§ **Data records**
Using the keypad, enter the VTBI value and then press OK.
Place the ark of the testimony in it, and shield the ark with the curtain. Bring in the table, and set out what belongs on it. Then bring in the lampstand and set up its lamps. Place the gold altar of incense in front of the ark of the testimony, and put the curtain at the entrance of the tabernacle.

==

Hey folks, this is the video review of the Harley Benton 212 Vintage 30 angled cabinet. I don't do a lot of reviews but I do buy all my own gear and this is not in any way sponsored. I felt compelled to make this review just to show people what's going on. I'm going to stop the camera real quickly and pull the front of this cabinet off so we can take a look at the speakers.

§ **To do**
There is a run of lines above from the one with "Using the keypad, enter" to the one with "Place the ark"; print exactly that run, both ends included, and nothing else.

§ **Result**
Using the keypad, enter the VTBI value and then press OK.
Place the ark of the testimony in it, and shield the ark with the curtain. Bring in the table, and set out what belongs on it. Then bring in the lampstand and set up its lamps. Place the gold altar of incense in front of the ark of the testimony, and put the curtain at the entrance of the tabernacle.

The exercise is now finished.